1662. Grim the Collier of Croyden; Or, The Devil and his Dame: With The Devil and Saint Dunston. [Part of Gratiae Theatrales, or, A choice Ternary of English plays. Composed upon especial occasions by several ingenious persons; viz. . . . Grim the Collier . . . a Comedy, by I. T. Never before published: but now printed at the request of sundry ingenious friends. R. D. 1662, 12^{mo}.]

Editions by W. Scott (1810, A. B. D. iii), in Dodsley^4, viii (1876), and by J. S. Farmer (S. F. T.).—Dissertation: H. D. Sykes, The Authorship of G. the C. of C. (1919, M. L. R. xiv. 245).

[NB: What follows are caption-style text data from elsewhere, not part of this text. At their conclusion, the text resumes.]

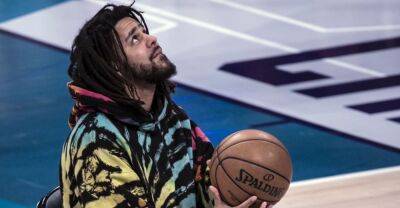 J. Cole joins Canadian basketball team - www.thefader.com - county Canadian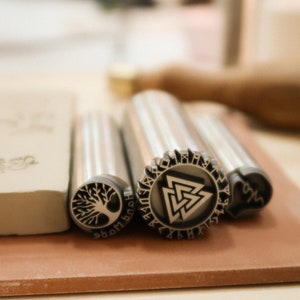 Timbro in ceramica personalizzato, timbro in argilla con rilievo personalizzato, timbro in argilla polimerica con firma personalizzata, timbro in metallo personalizzato, timbro con logo personalizzato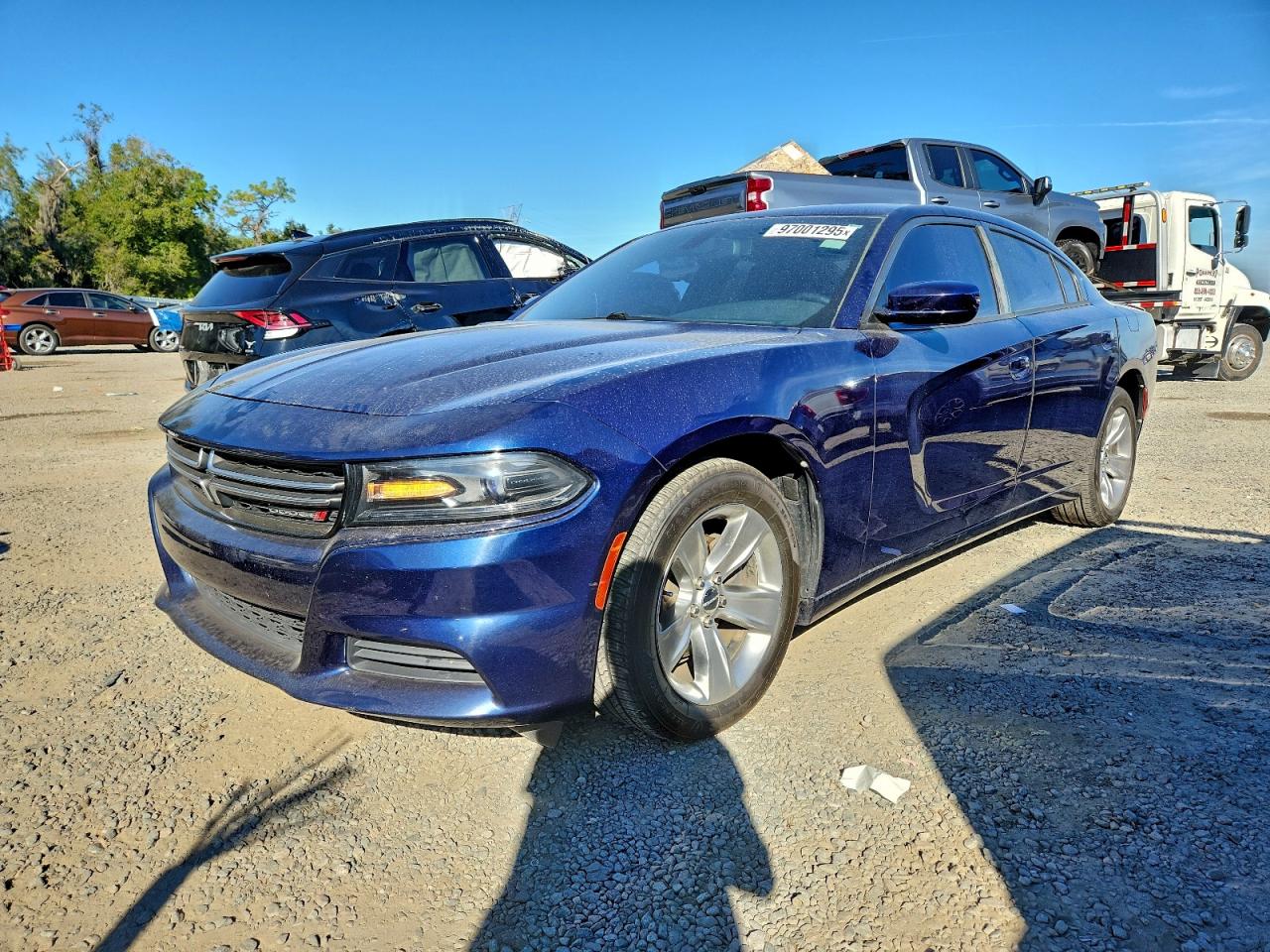 Lot #3318878971 2015 DODGE CHARGER SE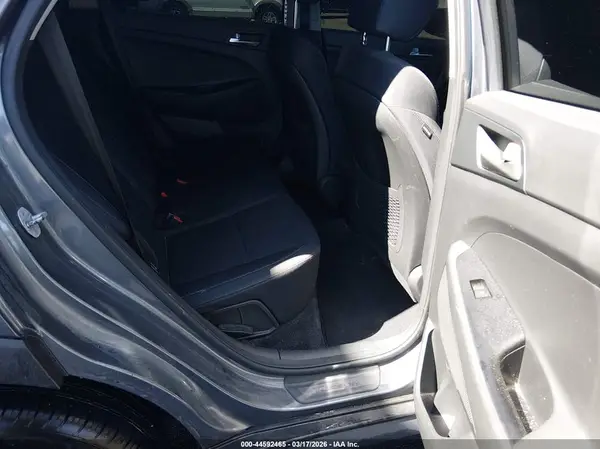 KM8J2CA43KU995463 2019 HYUNDAI TUCSON - Image 8
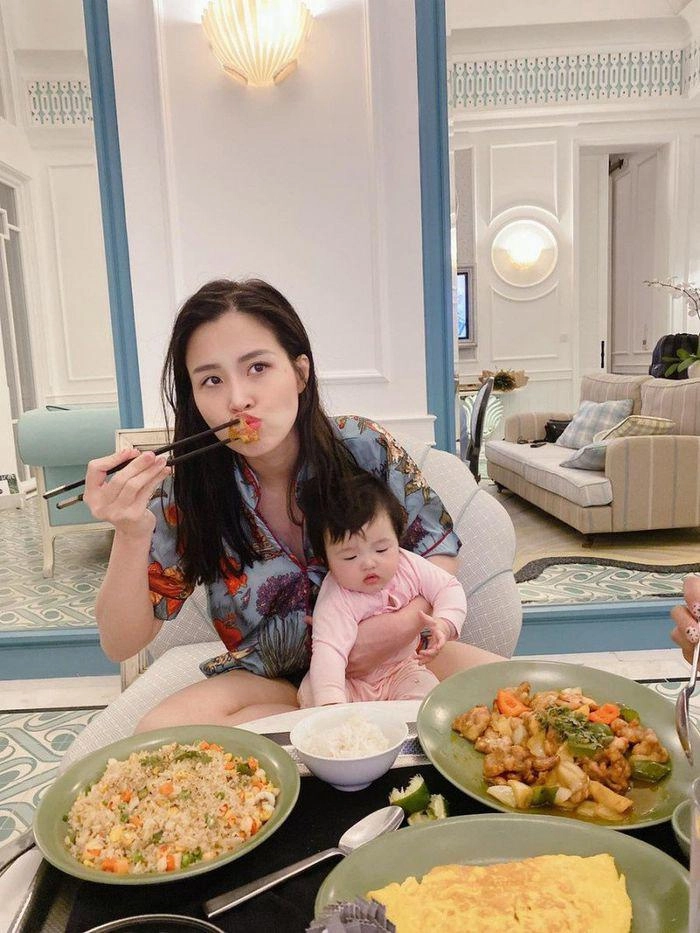 Cùng bị chồng chụp lén cảnh chăm con thúy diễm lộ dáng gợi cảm nhìn khánh thi ai cũng thương - 11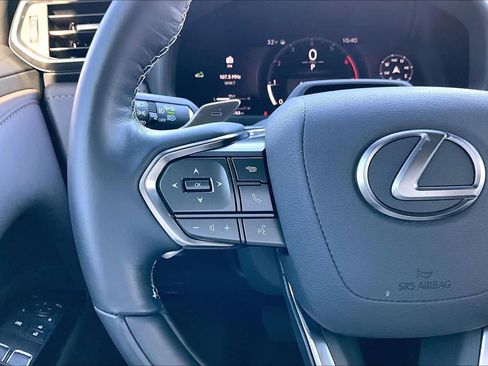 Used 2025 Lexus LX 600 4WD w/ Accessory Package (Z1) image 24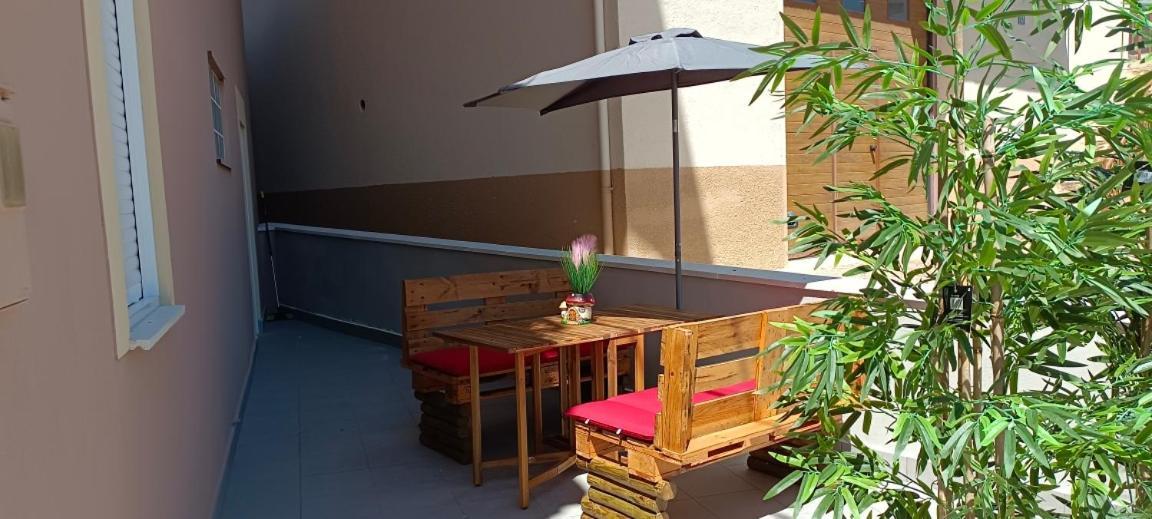Apartamento Turistico Gala Dicastillo Exteriér fotografie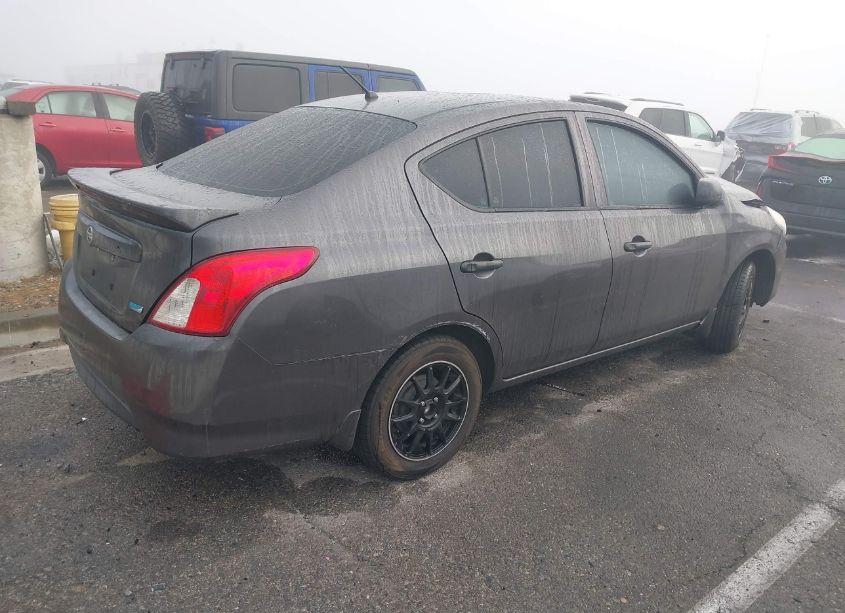 Photo 4 of 2015 Nissan Versa 1.6 S+ (VIN 3N1CN7AP4FL841949)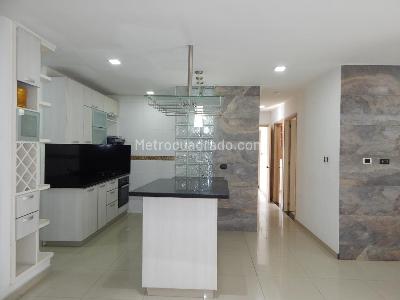 Apartamento de 3 alcobas en venta en Las Delicias, Cartagena, 128 m² · foto 3 de 20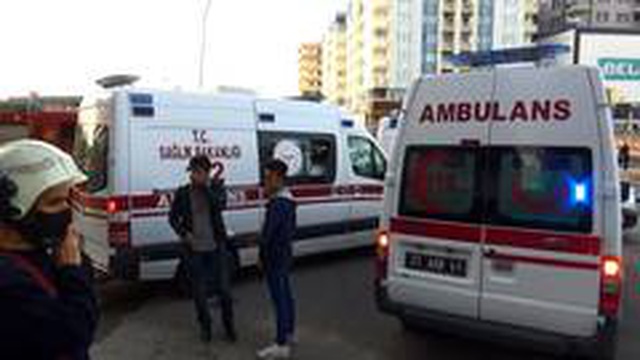 Bir kişinin hayatını kaybetti yangında ev küle dönerken, duvarda asılı olan Türk bayrağı zarar görmedi Bir kişinin hayatını kaybetti yangında ev küle dönerken, duvarda asılı olan Türk bayrağı zarar görmedi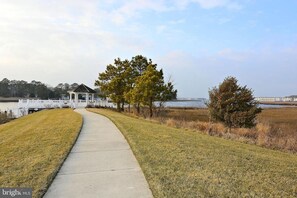 Property grounds - 5M to Beach, Bayside Bethany Lks Luxury:  Bayfront Ind/Ot pool/5 STAR Club House (Ocean View)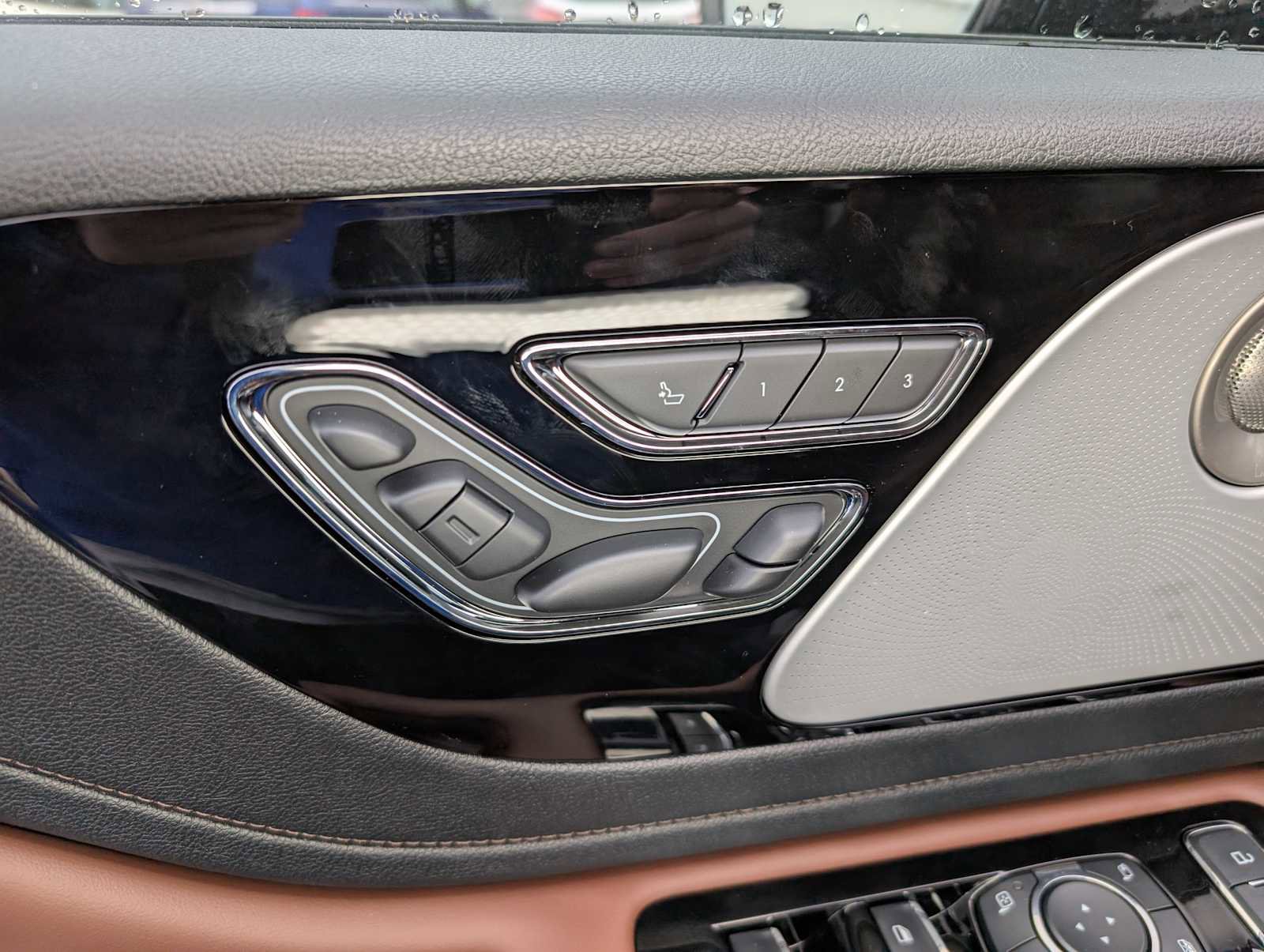 New 2026 Lincoln Aviator Reserve image 32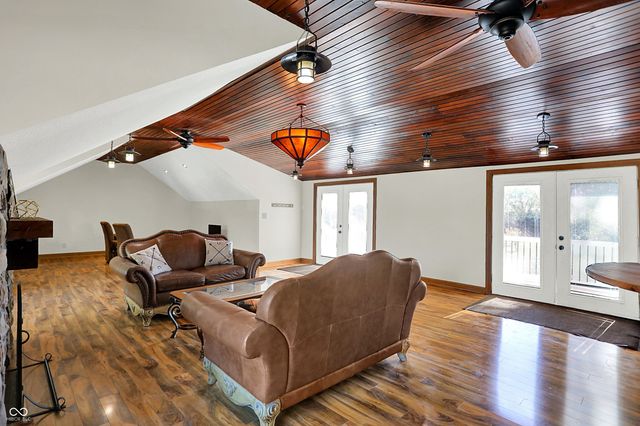 6336 N Carroll Road, Mccordsville, IN 46055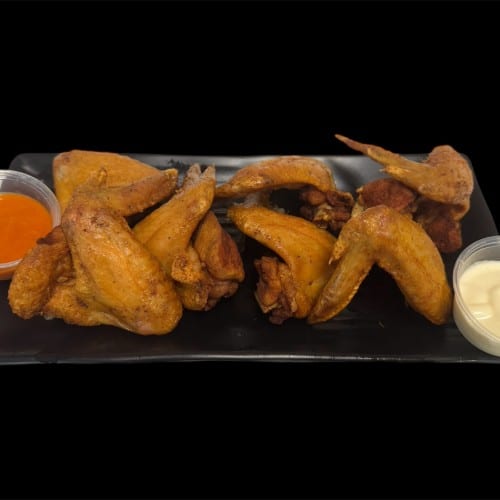 Wings 4 Pieces (Hot, Mild, Spicy Wing Sauce, Garlic Spicy, bbq) Fried.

Of I. T. nothing is known. Greg (Henslowe, ii. 213) regards the play as clearly of the sixteenth century on internal evidence, and points out that Henslowe, on behalf of the Admiral's, paid Haughton 5s. on 6 May 1600, 'in earneste of a boocke which he wold calle the devell & his dame'. The entry was subsequently cancelled, and presumably Haughton transferred the play to another company. Sykes calls attention to analogies with Englishmen for my Money, which confirm the probability of Haughton's authorship. It is only the ascription of 1662 to I. T. which causes hesitation. Farmer (Hand List, 19) suggests that this was John Tatham. Grim and the Devil both appear in the Like Will to Like of Ulpian Fulwell (q.v.), but I do not understand what kind of indirect connexion Greg thinks may have existed between Haughton's play and a possible revival of Fulwell's by Pembroke's men in Oct. 1600.